Cette cacophonie de voix stridentes perce les oreilles de Gordon, élevées au rock britannique, et réveille en sursaut la jeune Tarasque. Acculée, la pauvre bête ne peut s’enfuir. Les seringues, jetées négligemment à terre par les militants écologistes, ricochent jusqu’au museau de la créature. Dominique, insensible à la chorale de sourds, étudie l’attitude du dragon. Peu de récits, hormis quelques légendes, ont été écrits à son propos. Gordon interpelle D au-dessus du brouhaha :
— J’en tase un seul et je fais clignoter toute la guirlande !

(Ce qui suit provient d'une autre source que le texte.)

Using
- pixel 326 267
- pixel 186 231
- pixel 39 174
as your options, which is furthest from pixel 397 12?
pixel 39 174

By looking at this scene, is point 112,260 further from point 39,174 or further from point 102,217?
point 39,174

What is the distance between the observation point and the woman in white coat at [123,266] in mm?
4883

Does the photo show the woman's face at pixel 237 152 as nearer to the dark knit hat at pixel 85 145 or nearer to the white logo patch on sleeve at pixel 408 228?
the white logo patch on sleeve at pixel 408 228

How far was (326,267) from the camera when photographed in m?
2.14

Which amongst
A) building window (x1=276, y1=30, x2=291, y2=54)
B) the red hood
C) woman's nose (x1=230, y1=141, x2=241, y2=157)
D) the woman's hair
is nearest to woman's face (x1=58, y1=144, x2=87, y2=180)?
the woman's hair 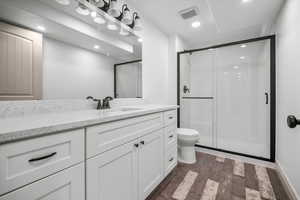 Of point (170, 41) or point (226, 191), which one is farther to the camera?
point (170, 41)

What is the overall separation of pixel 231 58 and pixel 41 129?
3489 mm

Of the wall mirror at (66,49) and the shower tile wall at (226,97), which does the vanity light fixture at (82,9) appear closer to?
the wall mirror at (66,49)

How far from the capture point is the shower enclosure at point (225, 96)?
8.58 feet

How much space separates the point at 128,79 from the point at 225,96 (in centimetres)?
230

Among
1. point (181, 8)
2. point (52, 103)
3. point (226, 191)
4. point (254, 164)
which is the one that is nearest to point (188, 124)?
point (254, 164)

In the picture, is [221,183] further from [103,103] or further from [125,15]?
[125,15]

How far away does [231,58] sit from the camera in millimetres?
3049

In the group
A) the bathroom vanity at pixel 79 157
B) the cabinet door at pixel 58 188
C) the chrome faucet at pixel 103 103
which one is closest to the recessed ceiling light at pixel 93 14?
the chrome faucet at pixel 103 103

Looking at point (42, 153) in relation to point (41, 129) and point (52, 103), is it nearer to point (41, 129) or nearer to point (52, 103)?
point (41, 129)

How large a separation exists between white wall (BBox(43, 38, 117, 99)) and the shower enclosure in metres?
1.70

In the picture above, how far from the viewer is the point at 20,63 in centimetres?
96

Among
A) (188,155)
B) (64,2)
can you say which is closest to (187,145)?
(188,155)

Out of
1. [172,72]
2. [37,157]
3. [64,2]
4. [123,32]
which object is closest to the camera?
[37,157]

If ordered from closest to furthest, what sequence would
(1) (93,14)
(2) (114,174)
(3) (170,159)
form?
(2) (114,174) → (1) (93,14) → (3) (170,159) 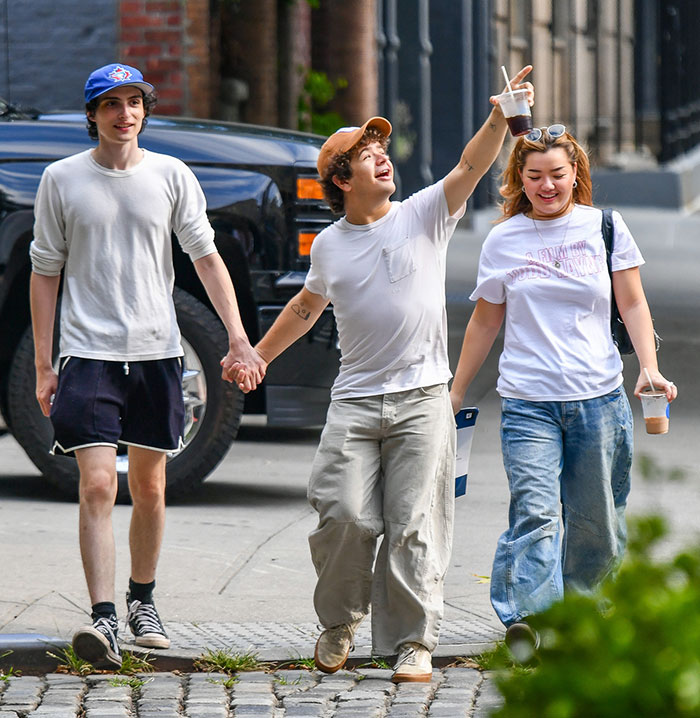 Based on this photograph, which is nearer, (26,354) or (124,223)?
(124,223)

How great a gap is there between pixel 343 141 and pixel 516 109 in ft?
1.64

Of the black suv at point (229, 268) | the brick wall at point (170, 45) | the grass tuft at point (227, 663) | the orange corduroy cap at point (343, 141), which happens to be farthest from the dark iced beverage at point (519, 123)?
the brick wall at point (170, 45)

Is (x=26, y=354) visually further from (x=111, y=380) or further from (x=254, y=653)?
(x=254, y=653)

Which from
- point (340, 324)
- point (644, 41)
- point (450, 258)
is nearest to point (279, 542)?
point (340, 324)

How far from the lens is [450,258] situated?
1638cm

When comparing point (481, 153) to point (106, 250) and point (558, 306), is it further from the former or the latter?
point (106, 250)

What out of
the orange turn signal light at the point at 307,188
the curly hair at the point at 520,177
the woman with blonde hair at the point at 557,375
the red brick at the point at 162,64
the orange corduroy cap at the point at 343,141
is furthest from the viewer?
the red brick at the point at 162,64

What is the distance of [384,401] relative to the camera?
434cm

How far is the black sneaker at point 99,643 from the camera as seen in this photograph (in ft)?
14.3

— Attends, ne touche à rien.
Derrière eux, les yeux du jeune dragon débordent de larmes et ses narines remuent, comme chatouillées par les vapeurs de colle forte. Son abdomen se gonfle comme une baudruche. Dominique reconnaît les symptômes d’une allergie. D bondit et se place droit devant Gordon alors que le dragon souffle une flamme monstrueuse sur tout ce qui se trouve devant lui. La grappe de militants, surprise, tente de se disperser, mais est rabattue en son centre sous l’effet élastique de leur collage. L’éternuement démoniaque les pulvérise en une nuée ardente. Le feu percute D, roule et rebondit sur son corps devenu bouclier, tendu vers l’avant. La Tarasque, sonnée par sa propre puissance, reprend son souffle en hoquetant quelques bouffées de fumée. D tapote sa pochette de satin, roussie par les flammes. La guirlande humaine, qui se dépose en une traînée de cendres, dégage une odeur de colle et de chanvre brûlés.

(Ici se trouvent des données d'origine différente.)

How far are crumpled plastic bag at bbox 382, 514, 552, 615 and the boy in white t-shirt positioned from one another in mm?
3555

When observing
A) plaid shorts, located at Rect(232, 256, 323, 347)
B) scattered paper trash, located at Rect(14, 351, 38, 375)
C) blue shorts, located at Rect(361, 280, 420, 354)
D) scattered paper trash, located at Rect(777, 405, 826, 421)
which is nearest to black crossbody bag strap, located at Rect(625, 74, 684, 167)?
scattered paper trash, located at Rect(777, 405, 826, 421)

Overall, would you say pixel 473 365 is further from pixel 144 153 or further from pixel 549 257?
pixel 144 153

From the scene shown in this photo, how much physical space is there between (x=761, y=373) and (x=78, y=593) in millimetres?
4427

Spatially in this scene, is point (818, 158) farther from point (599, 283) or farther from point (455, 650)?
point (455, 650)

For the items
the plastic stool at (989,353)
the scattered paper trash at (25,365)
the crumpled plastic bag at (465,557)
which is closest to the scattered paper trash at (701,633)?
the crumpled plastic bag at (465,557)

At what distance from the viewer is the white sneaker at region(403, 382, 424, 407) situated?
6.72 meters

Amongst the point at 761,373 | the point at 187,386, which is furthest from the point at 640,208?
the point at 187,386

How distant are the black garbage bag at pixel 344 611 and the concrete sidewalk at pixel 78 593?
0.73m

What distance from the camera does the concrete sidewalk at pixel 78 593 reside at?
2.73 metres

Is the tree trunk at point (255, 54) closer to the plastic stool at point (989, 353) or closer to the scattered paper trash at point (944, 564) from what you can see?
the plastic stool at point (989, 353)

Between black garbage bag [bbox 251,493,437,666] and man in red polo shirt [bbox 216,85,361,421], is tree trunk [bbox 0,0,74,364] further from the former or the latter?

Gordon entrouvre peureusement les yeux et découvre, ravi, que sa personne et sa tenue démodée sont intactes. Il hume l’air réchauffé et pesant.
— Ça me rappelle l’odeur des soirées à Glasgow, soupire-t-il en se redressant.
Sans perdre une seconde, l’Écossais commande à l’escadrille de drones la capture de la Tarasque. Une douzaine d’aéronefs miniatures prennent d’assaut la créature étourdie, tirant chacun leur fléchette hypodermique. Seule celle visant le coin de son œil parvient à diffuser son anesthésiant. La bête s’effondre sous le regard affolé de Gordon. Il se précipite pour vérifier si le globe oculaire demeure intact. Rassuré par son jugement et le diagnostic complet offert par son scanner médical, il ordonne le transport de la bête dans son wagon aménagé. Les rotors, tournant à pleine puissance, soulèvent les cendres en un nuage suffocant et collant. Gordon, écœuré par cette troisième plaie qui s’abat sur sa gabardine, se décide à l’abandonner dans un conteneur graisseux destiné aux déchets non recyclables.
— Quinze heures de trajet sous anesthésie jusqu’au Loch Ness. Ça va être long pour la petite bête. Dommage qu’on n’ait pas inventé l’avion !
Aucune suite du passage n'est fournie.